Below, find the line containing "鸡卷,鸡卷要裹上粉浆，先低温慢炸，等炸熟了再高温逼油就可。"; from there to the final line, print every line exactly and skip the pictures.

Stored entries
┄┄┄┄┄┄┄┄┄┄┄┄┄┄┄┄┄┄┄┄
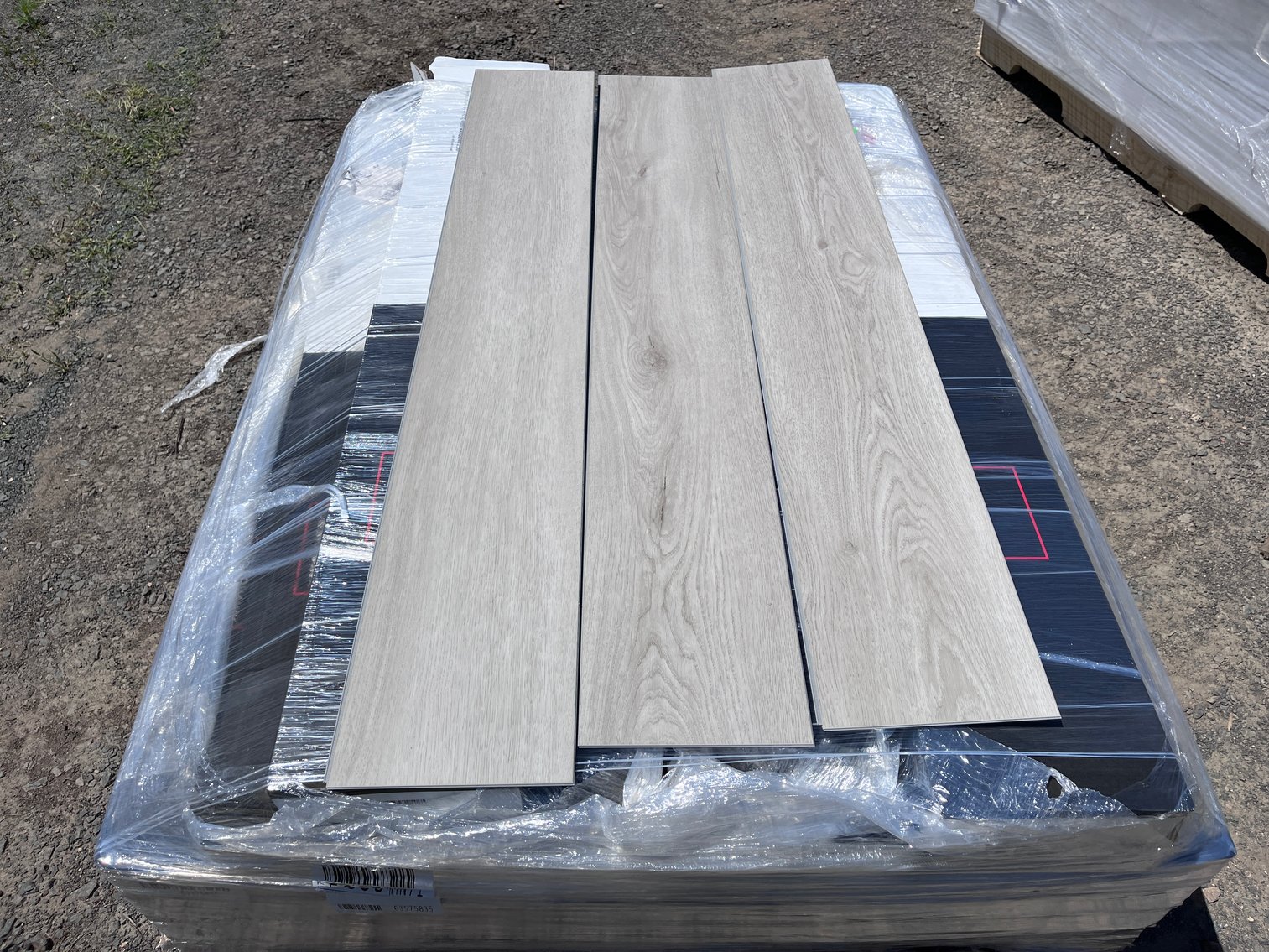 Waterproof Vinyl & Laminate Snap Together Flooring (122366)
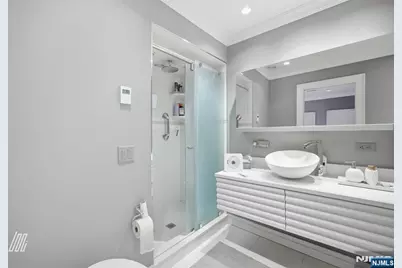 1511 John Street, Fort Lee, NJ 07024 - Photo 15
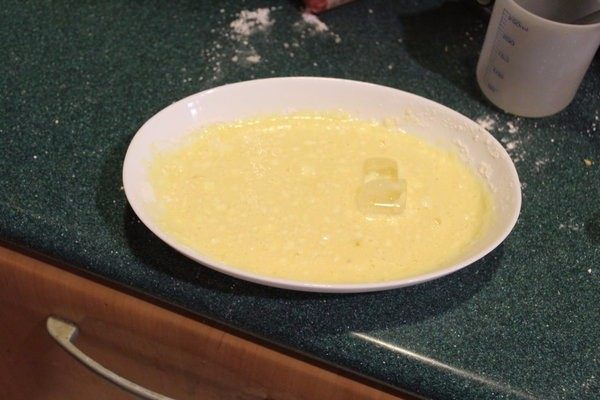 鸡卷,鸡卷要裹上粉浆，先低温慢炸，等炸熟了再高温逼油就可。
粉浆这次用<a style='color:red;display:inline-block;' href='/shicai/ 1108'>蛋</a>、面粉、冰水调了天妇罗的粉浆。
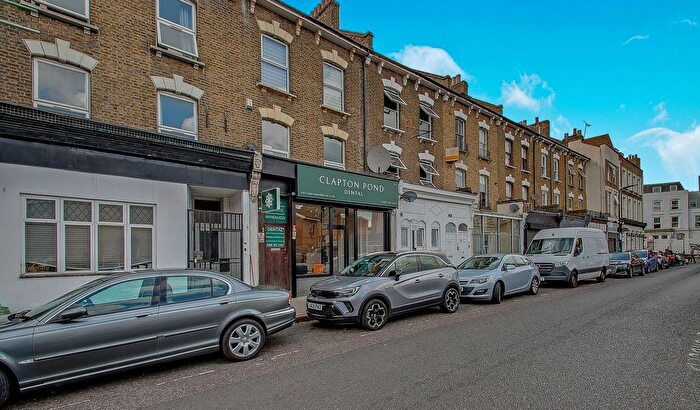 3 Bedroom Maisonette For Sale In Clarence Road, London, E5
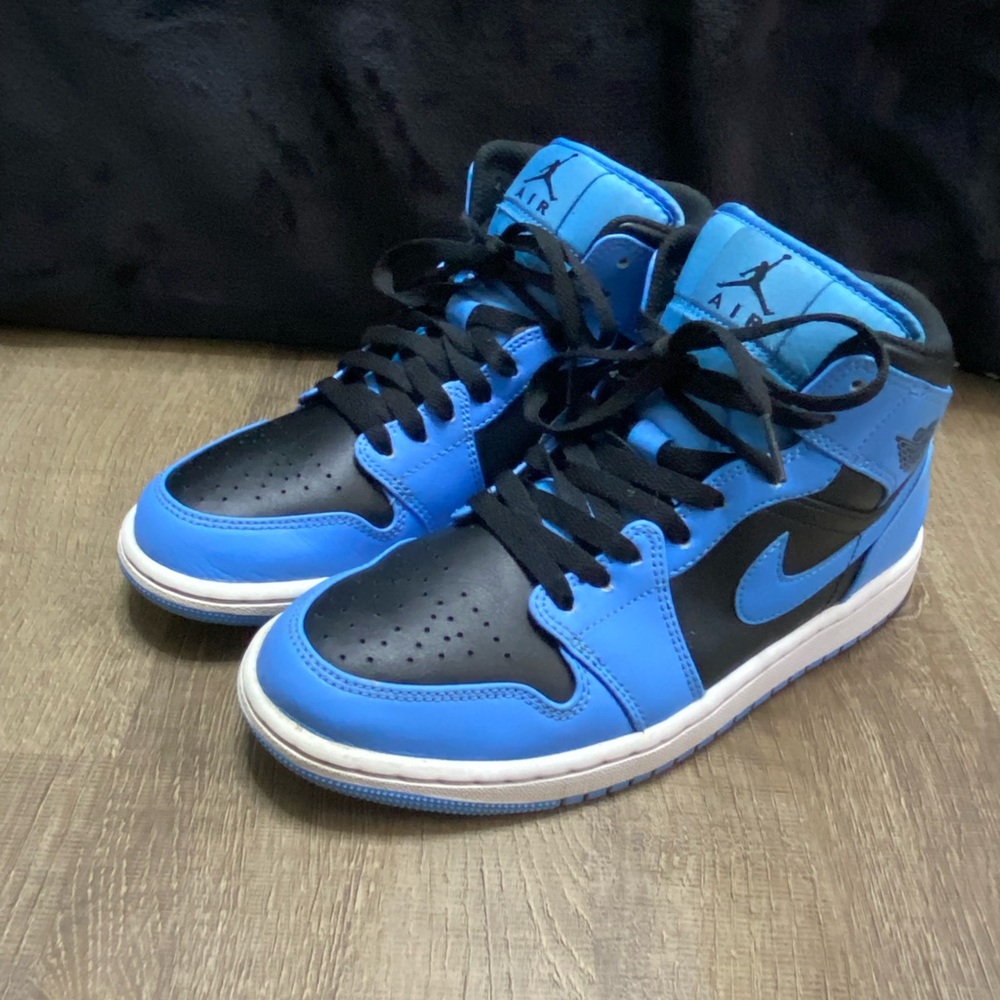Jordan Women's Shoes in Blue and Black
┄┄┄┄┄┄┄┄┄┄┄┄┄┄┄┄┄┄┄┄
* SOLUTION *
 鸡卷,鸡卷要裹上粉浆，先低温慢炸，等炸熟了再高温逼油就可。
粉浆这次用<a style='color:red;display:inline-block;' href='/shicai/ 1108'>蛋</a>、面粉、冰水调了天妇罗的粉浆。
 3 Bedroom Maisonette For Sale In Clarence Road, London, E5
Jordan Women's Shoes in Blue and Black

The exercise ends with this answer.